If you add a red grape concentrate you will be adding both a sweetener and a new flavor to your wine plus the bouquet of that red grape concentrate. The cpncentrate should be well thawed out and mixed well before starting the process.


*(Hopefully it's aged at least 4-6 months before you do this. Blueberry wine often starts out with a pretty sharp edge to it and mellows out in about 8-12 months. That means what tastes just right at 4-6 months can seem much sweeter at 12 months.)*


----------



## Jazz (Sep 27, 2017)

This is my first attempt at winemaking from scratch. I've done nothing but kit wines up to this point. Followed the recipe. My SG was 1.1. A little high. It fermented out no problem. I haven't even tried it yet. I have no idea if it's going to be hot or not. It's almost 3 months old now. Already stabilized. Probably shouldn't have added the sorbate already. I hope if I'm going to backsweeten this I won't have to add more sorbate. If I plan on aging it 6 months or more do I need to add any more sulfites at any time before that?


----------



## montanaWineGuy (Sep 27, 2017)

Jazz said:


> I want to sweeten my blueberry wine. I don't really want to do any bench tests, and I don't want my wine to be too sweet. I like the idea of adding red grape concentrate instead of sugar. Can someone give me an idea about how much to add to make it just a little sweet? It's a 6 gallon batch. Thanks in advance.



I've made Blueberry wine were no additional sugar was necessary, and some where as much as a cup (per 6 gallon batch). Add according to your taste and dictated by the quality of the batch.


----------



## Scooter68 (Sep 27, 2017)

Since you are aging it, that permits the sulfites to decrease. I would follow the general aging guidelines of sulfite additions every 3 months when racked - unless you have a way to accurately measure the level of existing sulfitess. As to the sorbate, the greater problem could be a flavor change. That depends also on how long you keep the wine before it is all consumed. I've never tasted any sorbate 'whang' to my wines but then most of mine are gone within 2 years of fermentation. 

The amount of sugar is just something that you have to determine on your own. If your wine is 'hot' you may want to sweeten it up a bit more - turning it into a dessert wine. Regardless I'd recommend biting the bullet to do the bench trials. Using a pre-mixed simple syrup (Or the red grape concentrate) makes the process quick.

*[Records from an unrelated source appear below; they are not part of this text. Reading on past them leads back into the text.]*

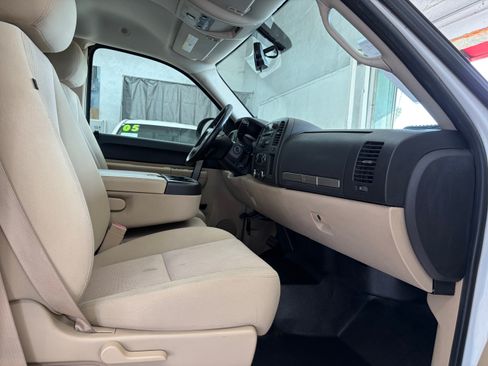 Used 2011 Chevrolet Silverado 1500 2WD Extended Cab LT image 13
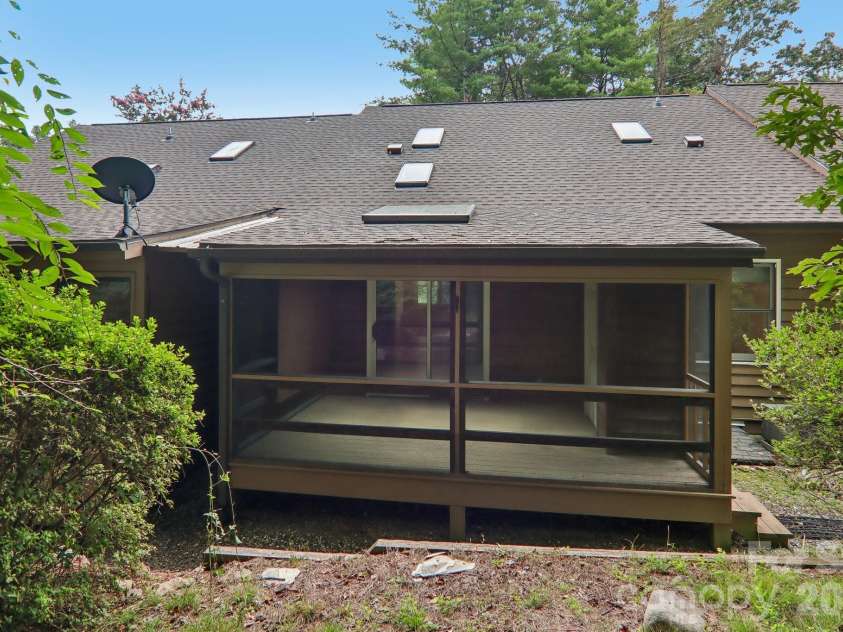 40 Sagebrush Circle, Etowah, NC 28729.  MLS# CAR4409393, YatesRealty ID 41163. 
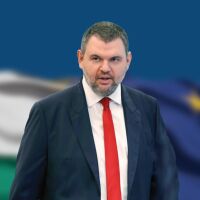 Делян Пеевски: Няма да станем на крака пред тези, които посегнаха на децата на България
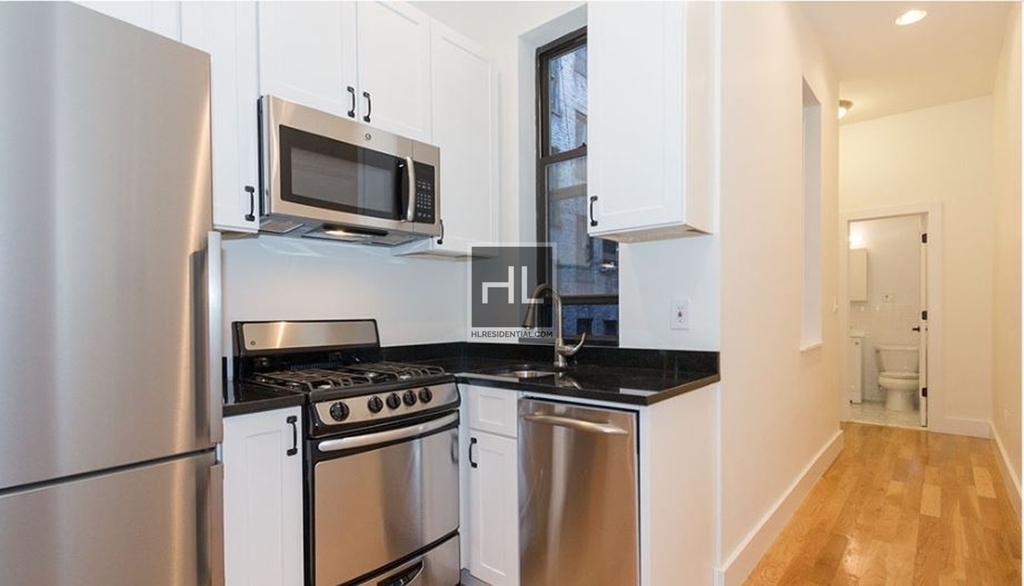 East 82nd Street, - Photo 1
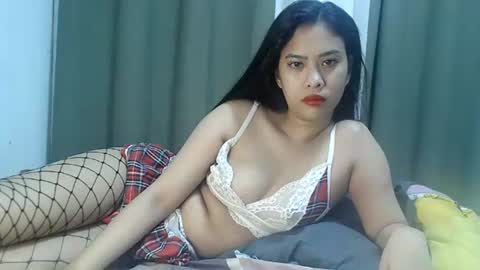 miss_merryjude01 online show from June 29, 11:59 pm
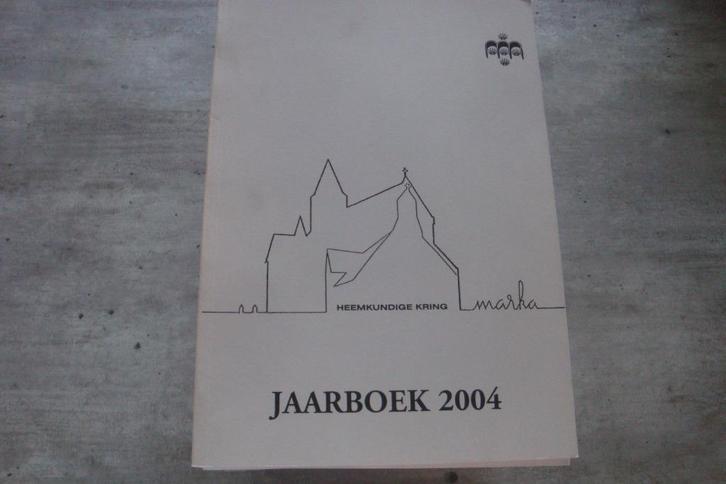 LOT VAN 24 HEEMKUNDIGE BOEKEN MARKA VZW (MARIAKERKE), Boeken, Geschiedenis | Stad en Regio, Gelezen, Ophalen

Just remember that sweetening at 3-4 months age is likely to lead to the wine being sweeter tasting after it's fully aged at 13 months or later. If you already have the red grape concentrate you can try using the grape concentrate, a simple syrup, and a combination of the two by starting with 2 cups of wine for sweetening. My guess is that you will be happiest with a mix of simple syrup AND the red grape concentrate in a blended sweetner.


----------



## Jazz (Sep 27, 2017)

Thanks scooter! Very helpful advice. I'm going to let it age a good while and give it a taste. I like my wine on the dry side, but I also want it to taste good. Time will tell. I hope it will be good just the way it is. Thanks again!


----------



## Scooter68 (Sep 27, 2017)

Most fruit wines need a little more sugar than a grape wine to b ring out the real flavor of the fruit. Without it the taste can be pretty weak. BUT that doesn't mean going all the way to the sweet side. Most of mine are sweetened back to no more than 1.005 - I do sweetening to taste but then measure the SG to be sure of what I have done.


----------



## Stressbaby (Sep 30, 2017)

My 2 cents here - red grape concentrate will ruin blueberry wine by giving it that Concord/foxy smell and taste. Use sugar.

If you are worried about losing volume to bench trials, don't. I bench trial in very small volumes. 37.5ml samples, in which 1/8tsp gran sugar is equal to 50g/gallon. As @Scooter68 said, undershoot a little bit, because it can taste sweeter after it has aged.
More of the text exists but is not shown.